As stated, tailgating is a marathon — which makes having a few nonalcoholic things in the cooler a good idea. Lagunitas’ hoppy seltzer was an oddity when introduced in 2019, but has resonated with many beer drinkers as a way to moderate. It has no alcohol and no calories, but remains interesting with a fruity-floral aroma and a crisp, earthy flavor.

  • Moscow Mule (Jeng)

Canned cocktails have soared in popularity, so it was only a matter of time before nonalcoholic canned cocktails took off. Jeng’s three canned nonalcoholic cocktails — which mimic a paloma, a gin and tonic and a Moscow mule — are another way to moderate at the tailgate. All three are well-built and come with the bonus of 11 milligrams of CBD, which may offer a useful dose of calm considering the Bears’ likely win-loss record this year.

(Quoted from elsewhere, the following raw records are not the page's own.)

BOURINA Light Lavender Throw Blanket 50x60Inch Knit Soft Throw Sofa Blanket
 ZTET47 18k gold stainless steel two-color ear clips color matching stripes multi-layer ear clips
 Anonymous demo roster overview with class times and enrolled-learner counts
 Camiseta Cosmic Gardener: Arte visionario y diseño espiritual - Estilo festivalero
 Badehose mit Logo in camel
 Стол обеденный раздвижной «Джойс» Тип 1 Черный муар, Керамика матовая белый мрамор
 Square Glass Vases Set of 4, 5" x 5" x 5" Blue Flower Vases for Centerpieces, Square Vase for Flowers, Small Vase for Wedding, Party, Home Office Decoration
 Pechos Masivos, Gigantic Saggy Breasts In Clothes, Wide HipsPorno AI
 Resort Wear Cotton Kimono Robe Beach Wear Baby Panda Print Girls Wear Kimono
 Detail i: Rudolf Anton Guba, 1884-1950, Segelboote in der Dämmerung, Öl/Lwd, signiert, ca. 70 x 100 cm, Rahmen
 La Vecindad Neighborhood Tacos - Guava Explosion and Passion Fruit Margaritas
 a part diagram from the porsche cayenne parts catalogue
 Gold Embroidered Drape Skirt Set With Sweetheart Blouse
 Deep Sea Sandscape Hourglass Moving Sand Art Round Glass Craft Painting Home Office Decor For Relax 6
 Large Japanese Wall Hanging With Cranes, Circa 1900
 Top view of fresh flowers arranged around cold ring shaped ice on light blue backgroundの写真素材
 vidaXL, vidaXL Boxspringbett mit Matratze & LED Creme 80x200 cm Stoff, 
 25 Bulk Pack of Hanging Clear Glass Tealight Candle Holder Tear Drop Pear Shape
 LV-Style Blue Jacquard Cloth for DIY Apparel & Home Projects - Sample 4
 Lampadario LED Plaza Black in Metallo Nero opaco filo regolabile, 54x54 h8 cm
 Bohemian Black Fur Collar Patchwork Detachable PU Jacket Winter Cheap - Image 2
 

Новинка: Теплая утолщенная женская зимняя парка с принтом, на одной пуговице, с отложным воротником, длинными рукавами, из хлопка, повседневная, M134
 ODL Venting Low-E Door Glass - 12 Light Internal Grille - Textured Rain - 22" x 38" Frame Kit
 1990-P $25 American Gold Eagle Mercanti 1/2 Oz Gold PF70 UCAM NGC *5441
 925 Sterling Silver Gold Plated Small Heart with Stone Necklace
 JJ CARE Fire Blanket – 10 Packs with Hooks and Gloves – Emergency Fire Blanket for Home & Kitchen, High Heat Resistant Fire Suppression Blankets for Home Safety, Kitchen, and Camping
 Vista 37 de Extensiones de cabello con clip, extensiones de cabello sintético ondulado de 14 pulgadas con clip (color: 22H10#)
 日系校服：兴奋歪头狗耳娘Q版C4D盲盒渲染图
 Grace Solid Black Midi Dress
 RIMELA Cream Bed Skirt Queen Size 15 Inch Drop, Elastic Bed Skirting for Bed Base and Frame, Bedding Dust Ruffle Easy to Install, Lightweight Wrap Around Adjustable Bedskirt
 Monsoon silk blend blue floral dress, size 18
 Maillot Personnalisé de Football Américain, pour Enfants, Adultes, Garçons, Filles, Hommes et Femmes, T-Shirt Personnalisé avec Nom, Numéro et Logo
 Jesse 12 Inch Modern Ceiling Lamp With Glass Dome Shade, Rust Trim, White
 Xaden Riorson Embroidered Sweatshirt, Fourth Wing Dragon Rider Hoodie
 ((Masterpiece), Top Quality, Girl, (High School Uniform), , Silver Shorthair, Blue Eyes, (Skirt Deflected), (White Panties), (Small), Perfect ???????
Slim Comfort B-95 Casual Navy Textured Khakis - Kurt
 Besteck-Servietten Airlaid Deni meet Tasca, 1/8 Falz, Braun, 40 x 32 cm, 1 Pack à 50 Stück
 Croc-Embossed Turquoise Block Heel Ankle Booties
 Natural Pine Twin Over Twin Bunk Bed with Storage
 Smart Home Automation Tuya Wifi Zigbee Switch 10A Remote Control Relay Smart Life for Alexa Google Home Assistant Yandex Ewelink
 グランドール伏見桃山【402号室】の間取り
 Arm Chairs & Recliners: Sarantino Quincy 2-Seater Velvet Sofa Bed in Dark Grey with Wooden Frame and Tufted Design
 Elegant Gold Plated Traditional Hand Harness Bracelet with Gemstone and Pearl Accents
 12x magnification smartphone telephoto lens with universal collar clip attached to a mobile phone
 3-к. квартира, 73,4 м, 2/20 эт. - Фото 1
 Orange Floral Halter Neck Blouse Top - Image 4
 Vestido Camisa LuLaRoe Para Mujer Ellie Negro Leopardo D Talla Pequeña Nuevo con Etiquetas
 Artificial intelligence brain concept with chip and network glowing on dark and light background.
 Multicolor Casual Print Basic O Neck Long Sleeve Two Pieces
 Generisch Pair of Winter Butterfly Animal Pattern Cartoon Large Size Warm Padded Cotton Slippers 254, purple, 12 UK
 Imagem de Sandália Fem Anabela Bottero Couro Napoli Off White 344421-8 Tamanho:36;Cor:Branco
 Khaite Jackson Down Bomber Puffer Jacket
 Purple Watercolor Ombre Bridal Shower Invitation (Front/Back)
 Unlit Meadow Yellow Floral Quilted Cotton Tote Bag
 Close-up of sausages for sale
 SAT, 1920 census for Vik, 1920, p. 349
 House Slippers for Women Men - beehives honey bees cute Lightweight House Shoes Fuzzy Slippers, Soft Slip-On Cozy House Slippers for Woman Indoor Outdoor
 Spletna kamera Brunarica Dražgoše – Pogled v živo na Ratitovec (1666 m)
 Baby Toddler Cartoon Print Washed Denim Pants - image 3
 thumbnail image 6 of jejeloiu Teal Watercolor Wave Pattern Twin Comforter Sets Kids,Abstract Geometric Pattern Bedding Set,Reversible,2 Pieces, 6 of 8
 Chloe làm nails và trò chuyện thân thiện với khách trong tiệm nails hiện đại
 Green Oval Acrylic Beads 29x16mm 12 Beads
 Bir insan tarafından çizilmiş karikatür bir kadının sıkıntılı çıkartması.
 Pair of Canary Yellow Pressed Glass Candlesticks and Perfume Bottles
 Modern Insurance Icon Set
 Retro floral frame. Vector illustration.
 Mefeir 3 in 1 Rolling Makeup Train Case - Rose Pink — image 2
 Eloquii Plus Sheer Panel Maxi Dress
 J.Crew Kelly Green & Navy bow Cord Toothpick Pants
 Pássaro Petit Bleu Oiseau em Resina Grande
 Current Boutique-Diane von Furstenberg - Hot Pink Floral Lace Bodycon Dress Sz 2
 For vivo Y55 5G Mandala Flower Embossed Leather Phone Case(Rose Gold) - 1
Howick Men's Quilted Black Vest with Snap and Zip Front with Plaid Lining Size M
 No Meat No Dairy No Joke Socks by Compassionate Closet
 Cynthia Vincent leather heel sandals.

My favorite among the three is Jeng’s take on the Moscow mule, which boasts a crisp, ginger bite and clean, fleeting finish. It’s a bit sweet and lacking that boozy bite — but that’s the point. Though if you must, you could add a shot of vodka.

  • Lil Buddy (Hopewell Brewing)

If the key to tailgating is moderation, nothing quite moderates like Lil Buddy, a crisp lager that’s a wee 4.2 percent alcohol in a wee 8-ounce can. If ever such a beer snack is appropriate, it’s during hours of tailgating. Lil Buddy was a hit when introduced in 2019, but went on hiatus last year amid an aluminum can shortage. Fortunately, Hopewell has brought it back just in time for kickoff.

  • Malört Spritz (CH Distillery and Marz Community Brewing)

Is a Chicago tailgate even a Chicago tailgate without Jeppson’s Malört? While the hardest of the tailgating hardcore may have a full bottle of the bitter legend on hand, everyone else can enjoy the approachability of the spritz version. Introduced in 2020, Malört Spritz is made by Marz Community Brewing with CH Distillery’s Jeppson’s Malört, lime juice, grapefruit flavor, sugar and salt.

It’s a far more accessible entry into the world of Malört with a round, floral sweetness with a cream soda note threaded with Malört’s unmistakable bracing character. Despite Malört’s reputation, Malört Spritz is refreshing at a meager 4.75 percent alcohol.

  • Micro Volt (Metropolitan Brewing)

One of my favorite new beers of the year is Metropolitan’s latest addition to its year-round portfolio: a lager that’s just 3.8 percent alcohol. It may sound wispy, but Micro Volt is anything but, packing in heaps of crisp, dry muscularity with a lightly bready note. A perfect beer to drink on repeat.

  • Rosé Cider (Northman Cider Co.)

What was born as a Lincoln Square cider bar is now a cider brand with two offerings introduced in spring: a plain cider and a rosé blend with Michigan wine grapes that offers another level of fruitiness. Both are just what they should be: crisp, lightly fruity and refreshing, leaning dry rather than sweet.

Bonus: Cider is an ace pairing with food, especially the rich and meaty things that come off a grill at a tailgate.

  • Sauv-Blanc Spritz (Maplewood Brewery and Distillery)

Maplewood’s canned cocktails have been a delight since emerging last year. Most lean boozy, but this spritz, made with Maplewood’s Spruce gin and sauvignon blanc sourced from Washington, weighs in at an easy-drinking 6 percent alcohol. This an unmistakable mingling of gin and white wine, but drinks lightly and brightly, sitting deftly at the intersection of hard seltzer and canned cocktail.

  • West Coast IPA (Untitled Art)

We end on another note of moderation. But moderating with nonalcoholic beer has never been more enjoyable. During a deep dive into nonalcoholic beer during Dry January, I found Untitled Art a revelation. I’m a fan of all three of its year-round nonalcoholic brands, which also include an Italian-style Pilsner and a hazy IPA. I’ve gone back most often to West Coast IPA for being such a convincing approximation of the real thing, with notes of lush mango, papaya and orange before drying out in the finish. If you still want to be coherent at halftime, mix a couple of these into the rotation.